EXERCISE BRIEF:
Give the lines again exactly as they appear below, from the line with "We know that" to the line with "Right now in", both included, and only those lines. Leave every picture out.

START INFORMATION

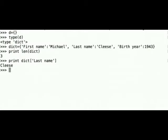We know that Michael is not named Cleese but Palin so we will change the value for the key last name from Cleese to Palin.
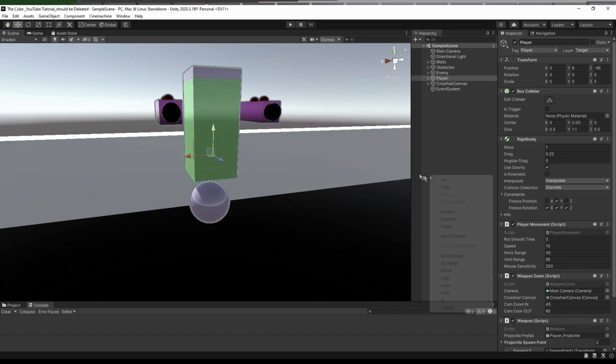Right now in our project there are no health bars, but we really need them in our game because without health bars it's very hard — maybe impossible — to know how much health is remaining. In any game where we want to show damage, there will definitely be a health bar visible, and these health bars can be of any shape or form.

END INFORMATION
START INFORMATION

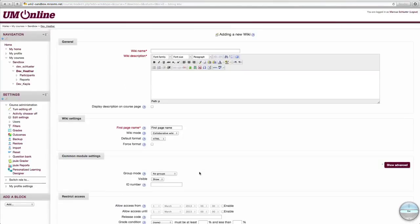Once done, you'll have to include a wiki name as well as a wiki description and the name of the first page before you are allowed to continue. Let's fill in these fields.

END INFORMATION

TASK SOLUTION:
We know that Michael is not named Cleese but Palin so we will change the value for the key last name from Cleese to Palin.
Right now in our project there are no health bars, but we really need them in our game because without health bars it's very hard — maybe impossible — to know how much health is remaining. In any game where we want to show damage, there will definitely be a health bar visible, and these health bars can be of any shape or form.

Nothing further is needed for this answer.